The shortage of truckers has mutated into a supply-chain crisis that has left restaurants struggling to buy the necessary ingredients for their menus and supermarkets with empty shelves. While fears of panic buying appeared to be overstated, more than half of British adults have had their food shopping affected by shortages, according to a recent survey by the national statistics agency.
The supply bottlenecks are threatening what has been a fairly robust recovery from the pandemic. On Thursday, the Bank of England said it was slashing its forecast for economic growth for the third quarter again, this time by 1 percentage point. The inflation rate, it said, could exceed four percent by Christmas.
All this has left businesses on a knife edge: balancing optimism that the pandemic is ending with nervousness about the strength of the recovery.
Pret A Manger, a coffee and sandwich chain, announced this week it planned to open 200 new stores and hire 3,000 more people in the next two years. But amid a dire shortage of workers in the hospitality industry, it has had to raise wages by 5 percent.

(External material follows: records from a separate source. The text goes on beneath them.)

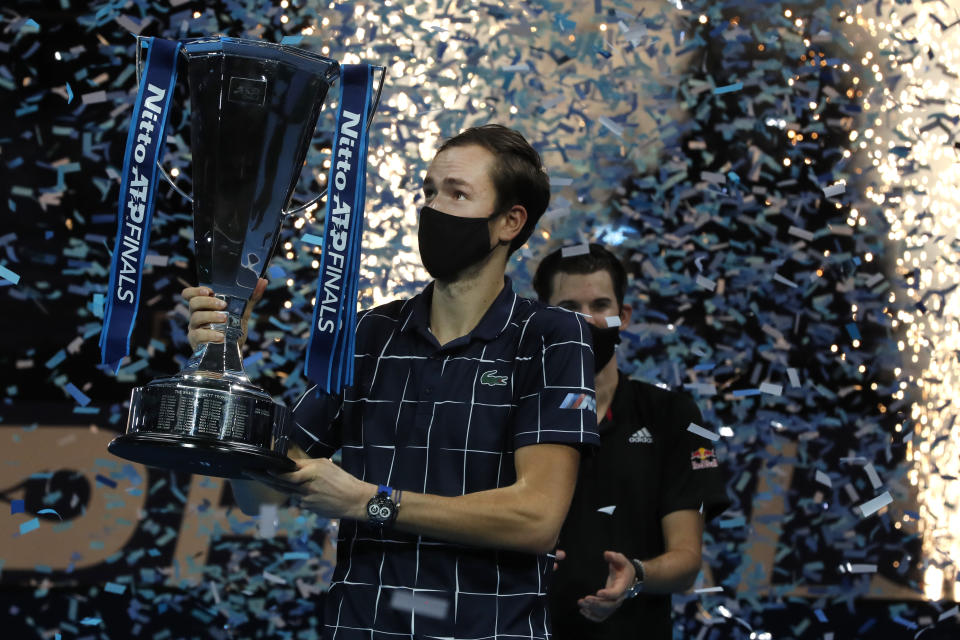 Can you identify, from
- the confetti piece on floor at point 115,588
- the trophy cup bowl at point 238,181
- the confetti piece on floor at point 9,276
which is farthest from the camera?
the confetti piece on floor at point 9,276

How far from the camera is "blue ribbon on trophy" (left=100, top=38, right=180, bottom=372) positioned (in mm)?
1816

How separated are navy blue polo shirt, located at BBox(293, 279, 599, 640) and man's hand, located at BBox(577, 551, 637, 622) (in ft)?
1.77

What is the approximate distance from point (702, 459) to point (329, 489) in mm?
1497

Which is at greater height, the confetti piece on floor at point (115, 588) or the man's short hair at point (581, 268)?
the man's short hair at point (581, 268)

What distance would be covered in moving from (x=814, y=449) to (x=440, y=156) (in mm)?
2916

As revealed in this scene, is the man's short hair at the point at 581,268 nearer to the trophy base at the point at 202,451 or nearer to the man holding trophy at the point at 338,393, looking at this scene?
the man holding trophy at the point at 338,393

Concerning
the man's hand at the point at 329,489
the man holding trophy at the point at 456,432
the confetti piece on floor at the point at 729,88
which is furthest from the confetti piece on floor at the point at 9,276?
the man's hand at the point at 329,489

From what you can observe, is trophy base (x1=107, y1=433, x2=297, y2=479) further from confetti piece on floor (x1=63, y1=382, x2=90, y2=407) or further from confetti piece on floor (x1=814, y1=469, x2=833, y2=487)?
confetti piece on floor (x1=814, y1=469, x2=833, y2=487)

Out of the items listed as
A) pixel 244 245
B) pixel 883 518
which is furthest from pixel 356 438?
pixel 883 518

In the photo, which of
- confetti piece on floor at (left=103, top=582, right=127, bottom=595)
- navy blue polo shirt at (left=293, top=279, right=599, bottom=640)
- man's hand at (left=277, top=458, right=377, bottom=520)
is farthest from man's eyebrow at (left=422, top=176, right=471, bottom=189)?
confetti piece on floor at (left=103, top=582, right=127, bottom=595)

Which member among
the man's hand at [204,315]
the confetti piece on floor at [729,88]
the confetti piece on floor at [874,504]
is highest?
the confetti piece on floor at [729,88]

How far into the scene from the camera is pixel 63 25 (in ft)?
14.7

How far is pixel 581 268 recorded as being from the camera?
312cm

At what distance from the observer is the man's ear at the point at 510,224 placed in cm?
214
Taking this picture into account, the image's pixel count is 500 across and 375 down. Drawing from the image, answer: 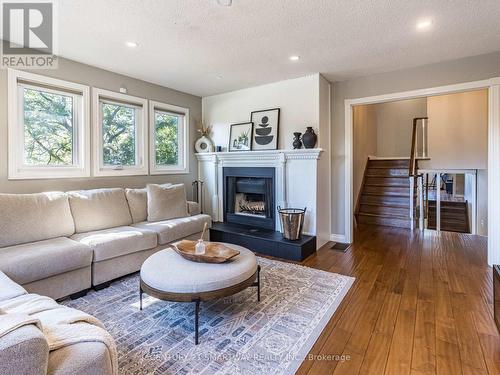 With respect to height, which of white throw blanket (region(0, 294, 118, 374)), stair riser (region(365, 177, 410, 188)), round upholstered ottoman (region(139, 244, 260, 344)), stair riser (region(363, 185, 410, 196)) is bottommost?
round upholstered ottoman (region(139, 244, 260, 344))

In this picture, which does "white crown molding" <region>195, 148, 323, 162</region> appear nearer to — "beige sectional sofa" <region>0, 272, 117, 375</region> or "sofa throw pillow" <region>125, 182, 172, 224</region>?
"sofa throw pillow" <region>125, 182, 172, 224</region>

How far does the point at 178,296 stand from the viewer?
1.84 m

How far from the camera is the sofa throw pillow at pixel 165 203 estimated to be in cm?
363

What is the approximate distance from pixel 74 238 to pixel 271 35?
113 inches

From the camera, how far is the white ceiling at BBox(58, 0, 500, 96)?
7.31ft

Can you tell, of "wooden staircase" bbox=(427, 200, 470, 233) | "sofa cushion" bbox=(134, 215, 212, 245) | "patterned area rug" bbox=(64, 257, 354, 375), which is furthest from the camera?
"wooden staircase" bbox=(427, 200, 470, 233)

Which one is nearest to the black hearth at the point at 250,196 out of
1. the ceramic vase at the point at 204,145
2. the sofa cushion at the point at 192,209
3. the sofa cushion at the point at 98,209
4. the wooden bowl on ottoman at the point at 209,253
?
the ceramic vase at the point at 204,145

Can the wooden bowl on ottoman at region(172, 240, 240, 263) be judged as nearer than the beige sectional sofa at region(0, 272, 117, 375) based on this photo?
No

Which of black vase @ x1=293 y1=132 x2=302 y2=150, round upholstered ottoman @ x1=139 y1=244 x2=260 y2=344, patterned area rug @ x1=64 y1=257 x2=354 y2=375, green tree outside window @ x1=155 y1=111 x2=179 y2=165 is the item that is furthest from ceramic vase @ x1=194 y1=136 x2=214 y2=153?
round upholstered ottoman @ x1=139 y1=244 x2=260 y2=344

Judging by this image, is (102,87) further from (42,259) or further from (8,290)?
(8,290)

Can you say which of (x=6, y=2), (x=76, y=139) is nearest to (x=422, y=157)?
(x=76, y=139)

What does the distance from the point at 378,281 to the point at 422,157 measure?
15.5 ft

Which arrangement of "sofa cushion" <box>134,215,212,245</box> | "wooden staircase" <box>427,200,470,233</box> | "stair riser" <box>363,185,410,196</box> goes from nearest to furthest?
"sofa cushion" <box>134,215,212,245</box>
"stair riser" <box>363,185,410,196</box>
"wooden staircase" <box>427,200,470,233</box>

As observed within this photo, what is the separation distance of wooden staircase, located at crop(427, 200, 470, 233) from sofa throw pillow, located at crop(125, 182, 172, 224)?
20.4 feet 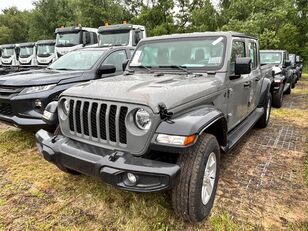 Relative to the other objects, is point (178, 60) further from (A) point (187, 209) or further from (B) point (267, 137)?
(B) point (267, 137)

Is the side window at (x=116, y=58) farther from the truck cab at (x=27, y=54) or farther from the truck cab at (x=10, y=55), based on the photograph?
the truck cab at (x=10, y=55)

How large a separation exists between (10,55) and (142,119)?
63.5ft

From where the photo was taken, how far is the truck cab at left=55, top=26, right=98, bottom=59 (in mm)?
13587

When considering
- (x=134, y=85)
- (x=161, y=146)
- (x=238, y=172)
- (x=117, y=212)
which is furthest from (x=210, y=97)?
(x=117, y=212)

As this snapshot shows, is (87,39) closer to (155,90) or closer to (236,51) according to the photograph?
(236,51)

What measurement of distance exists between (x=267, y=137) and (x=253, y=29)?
14.7 meters

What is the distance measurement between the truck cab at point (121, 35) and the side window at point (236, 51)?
334 inches

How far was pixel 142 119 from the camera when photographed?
245 cm

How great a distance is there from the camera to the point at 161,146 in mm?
2297

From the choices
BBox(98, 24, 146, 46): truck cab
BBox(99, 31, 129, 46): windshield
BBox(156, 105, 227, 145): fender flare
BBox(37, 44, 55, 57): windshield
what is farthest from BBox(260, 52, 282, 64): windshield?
BBox(37, 44, 55, 57): windshield

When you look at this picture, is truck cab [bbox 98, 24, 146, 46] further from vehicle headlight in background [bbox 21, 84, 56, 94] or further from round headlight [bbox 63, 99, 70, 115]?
round headlight [bbox 63, 99, 70, 115]

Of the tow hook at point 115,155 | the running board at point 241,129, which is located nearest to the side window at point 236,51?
the running board at point 241,129

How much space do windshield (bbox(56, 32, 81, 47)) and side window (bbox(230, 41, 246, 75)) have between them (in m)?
11.0

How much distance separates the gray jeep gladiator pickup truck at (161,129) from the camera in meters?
2.31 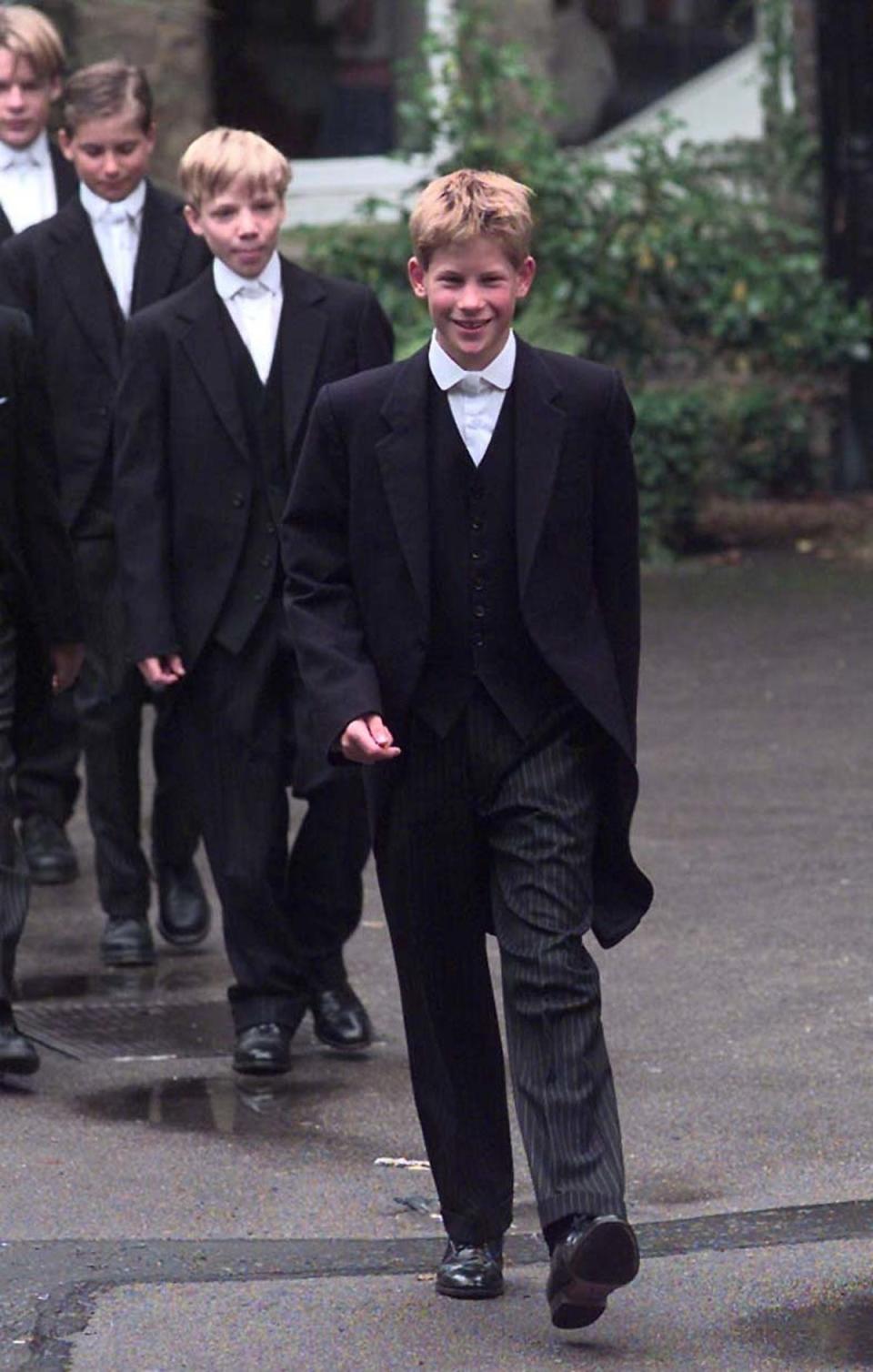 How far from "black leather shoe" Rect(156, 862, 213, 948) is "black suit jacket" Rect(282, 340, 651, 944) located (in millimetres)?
2465

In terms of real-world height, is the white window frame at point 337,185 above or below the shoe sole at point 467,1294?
above

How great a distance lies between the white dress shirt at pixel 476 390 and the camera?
4.60 metres

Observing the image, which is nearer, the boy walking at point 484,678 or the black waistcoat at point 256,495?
the boy walking at point 484,678

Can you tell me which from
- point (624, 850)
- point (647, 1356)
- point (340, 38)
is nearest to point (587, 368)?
point (624, 850)

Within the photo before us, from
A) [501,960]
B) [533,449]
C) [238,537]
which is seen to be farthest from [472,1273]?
[238,537]

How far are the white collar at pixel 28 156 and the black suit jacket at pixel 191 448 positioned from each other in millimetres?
1584

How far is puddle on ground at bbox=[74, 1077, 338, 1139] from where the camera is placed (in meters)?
5.69

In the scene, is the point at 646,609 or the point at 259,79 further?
the point at 259,79

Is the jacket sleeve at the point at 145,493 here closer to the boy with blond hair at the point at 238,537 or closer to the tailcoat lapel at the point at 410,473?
the boy with blond hair at the point at 238,537

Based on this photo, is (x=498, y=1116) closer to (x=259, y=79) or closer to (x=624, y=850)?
(x=624, y=850)

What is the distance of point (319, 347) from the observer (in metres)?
6.00

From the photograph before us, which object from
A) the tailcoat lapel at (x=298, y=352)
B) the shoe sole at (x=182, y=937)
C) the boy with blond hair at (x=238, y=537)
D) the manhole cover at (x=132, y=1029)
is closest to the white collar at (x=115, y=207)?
the boy with blond hair at (x=238, y=537)

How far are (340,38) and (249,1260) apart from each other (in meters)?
9.57

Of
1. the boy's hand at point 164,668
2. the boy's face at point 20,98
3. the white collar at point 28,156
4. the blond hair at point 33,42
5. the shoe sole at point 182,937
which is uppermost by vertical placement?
the blond hair at point 33,42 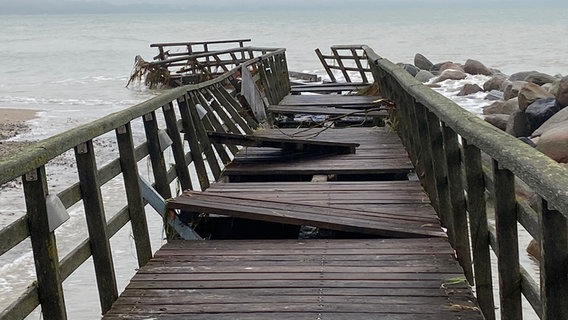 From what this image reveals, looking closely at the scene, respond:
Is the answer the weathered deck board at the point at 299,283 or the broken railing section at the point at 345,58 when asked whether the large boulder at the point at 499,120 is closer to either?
the broken railing section at the point at 345,58

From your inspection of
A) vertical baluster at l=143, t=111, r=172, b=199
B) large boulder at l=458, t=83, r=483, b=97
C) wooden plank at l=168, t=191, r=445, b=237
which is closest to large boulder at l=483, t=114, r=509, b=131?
large boulder at l=458, t=83, r=483, b=97

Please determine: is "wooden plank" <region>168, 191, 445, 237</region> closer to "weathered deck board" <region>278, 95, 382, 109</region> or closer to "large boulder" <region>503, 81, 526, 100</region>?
"weathered deck board" <region>278, 95, 382, 109</region>

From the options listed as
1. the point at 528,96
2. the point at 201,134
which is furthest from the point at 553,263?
the point at 528,96

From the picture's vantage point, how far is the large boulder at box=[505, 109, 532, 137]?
15462 millimetres

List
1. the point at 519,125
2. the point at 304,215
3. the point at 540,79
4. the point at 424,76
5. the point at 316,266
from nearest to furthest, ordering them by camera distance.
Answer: the point at 316,266, the point at 304,215, the point at 519,125, the point at 540,79, the point at 424,76

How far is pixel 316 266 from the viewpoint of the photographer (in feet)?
13.9

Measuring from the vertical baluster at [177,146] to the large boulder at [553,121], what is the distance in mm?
9264

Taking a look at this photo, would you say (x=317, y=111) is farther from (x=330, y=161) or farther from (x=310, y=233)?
(x=310, y=233)

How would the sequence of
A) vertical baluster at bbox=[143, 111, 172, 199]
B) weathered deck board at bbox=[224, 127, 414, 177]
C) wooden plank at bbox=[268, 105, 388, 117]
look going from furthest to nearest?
wooden plank at bbox=[268, 105, 388, 117]
weathered deck board at bbox=[224, 127, 414, 177]
vertical baluster at bbox=[143, 111, 172, 199]

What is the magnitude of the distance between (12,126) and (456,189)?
1702 cm

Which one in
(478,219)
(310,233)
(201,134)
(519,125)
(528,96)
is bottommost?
(519,125)

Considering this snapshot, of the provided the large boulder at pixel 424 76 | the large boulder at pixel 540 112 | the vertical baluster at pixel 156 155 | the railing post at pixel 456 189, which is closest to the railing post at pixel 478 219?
the railing post at pixel 456 189

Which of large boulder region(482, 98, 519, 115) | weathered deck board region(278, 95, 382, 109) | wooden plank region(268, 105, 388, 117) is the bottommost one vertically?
large boulder region(482, 98, 519, 115)

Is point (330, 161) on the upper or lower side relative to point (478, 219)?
lower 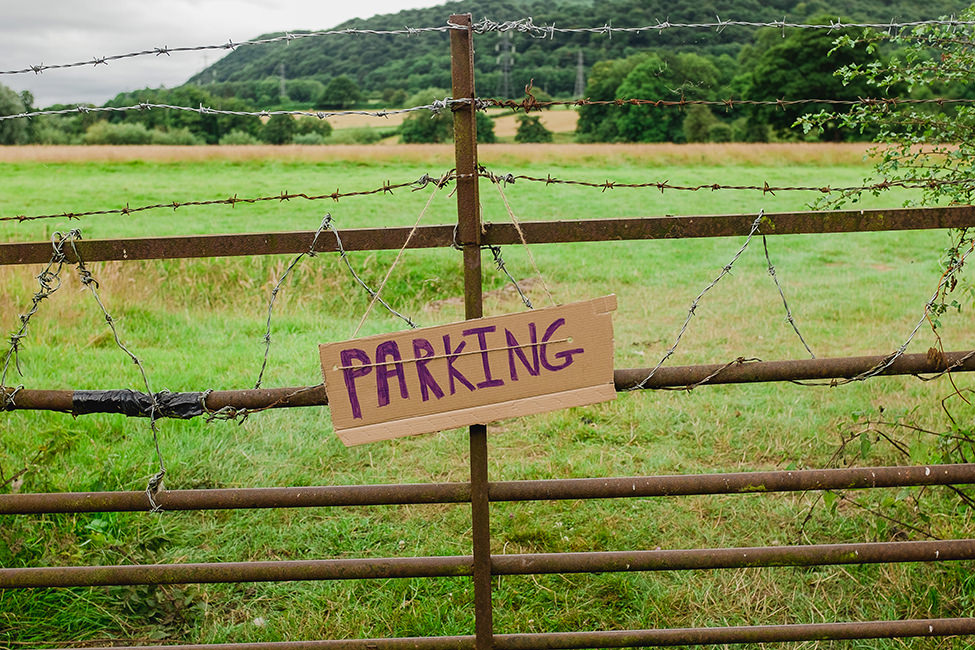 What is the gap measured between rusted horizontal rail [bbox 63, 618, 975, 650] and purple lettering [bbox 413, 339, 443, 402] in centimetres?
95

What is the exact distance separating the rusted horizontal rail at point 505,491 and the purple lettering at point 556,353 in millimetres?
467

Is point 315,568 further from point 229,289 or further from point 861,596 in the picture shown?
point 229,289

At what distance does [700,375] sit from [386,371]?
103 centimetres

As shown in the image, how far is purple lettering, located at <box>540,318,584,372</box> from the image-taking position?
230cm

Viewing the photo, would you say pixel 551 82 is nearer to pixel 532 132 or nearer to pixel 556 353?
pixel 556 353

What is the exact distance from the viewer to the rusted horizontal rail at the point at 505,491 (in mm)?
2582

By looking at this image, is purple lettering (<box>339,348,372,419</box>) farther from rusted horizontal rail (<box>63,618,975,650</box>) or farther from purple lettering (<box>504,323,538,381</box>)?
rusted horizontal rail (<box>63,618,975,650</box>)

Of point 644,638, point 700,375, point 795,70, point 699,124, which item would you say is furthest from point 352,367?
point 699,124

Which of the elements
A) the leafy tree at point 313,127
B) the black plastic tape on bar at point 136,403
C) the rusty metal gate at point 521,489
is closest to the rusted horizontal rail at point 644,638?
the rusty metal gate at point 521,489

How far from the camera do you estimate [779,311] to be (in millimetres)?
8359

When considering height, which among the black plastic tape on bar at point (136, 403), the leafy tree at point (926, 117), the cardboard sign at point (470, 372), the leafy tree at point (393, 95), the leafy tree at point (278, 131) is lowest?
the black plastic tape on bar at point (136, 403)

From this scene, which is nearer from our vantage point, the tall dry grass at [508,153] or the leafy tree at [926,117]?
the leafy tree at [926,117]

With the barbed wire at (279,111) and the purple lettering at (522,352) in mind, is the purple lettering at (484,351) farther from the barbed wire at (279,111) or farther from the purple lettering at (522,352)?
the barbed wire at (279,111)

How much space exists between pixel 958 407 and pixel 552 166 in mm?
18353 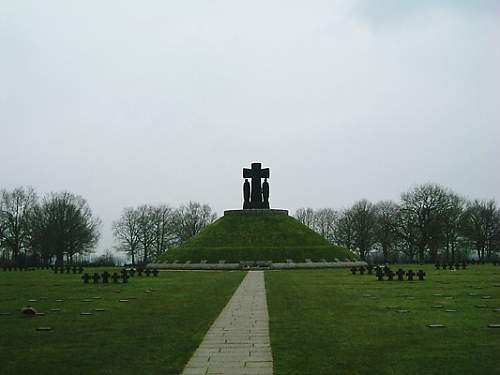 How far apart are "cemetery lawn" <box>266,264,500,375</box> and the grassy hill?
52.4 metres

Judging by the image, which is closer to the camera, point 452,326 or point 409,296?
point 452,326

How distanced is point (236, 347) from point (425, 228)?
92.8m

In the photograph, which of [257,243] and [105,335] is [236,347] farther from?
[257,243]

“We are still not clear on how the recovery will play out,” said Pano Christou, the chief executive of Pret. “I think we are still in recovery, it’s a positive recovery, but we are still in recovery.”
For consumers, the pressures are only likely to mount. The government’s furlough program, which compensated up to 80 percent of lost wages because of the pandemic, ends at the end of this month. Soon afterward, more than five million people will lose £20 a week from cutbacks in a major government benefit program, Universal Credit. And the cap on household energy bills, which protects about 15 million Britons, will be increased by 12 percent.
“Families are just going to feel completely squeezed,” said Karl Handscomb, an economist at the Resolution Foundation, a research group that studies living standards. “It’s going to feel uncomfortable, and people are going to be actually worse off.”
Stanley Reed contributed reporting from London.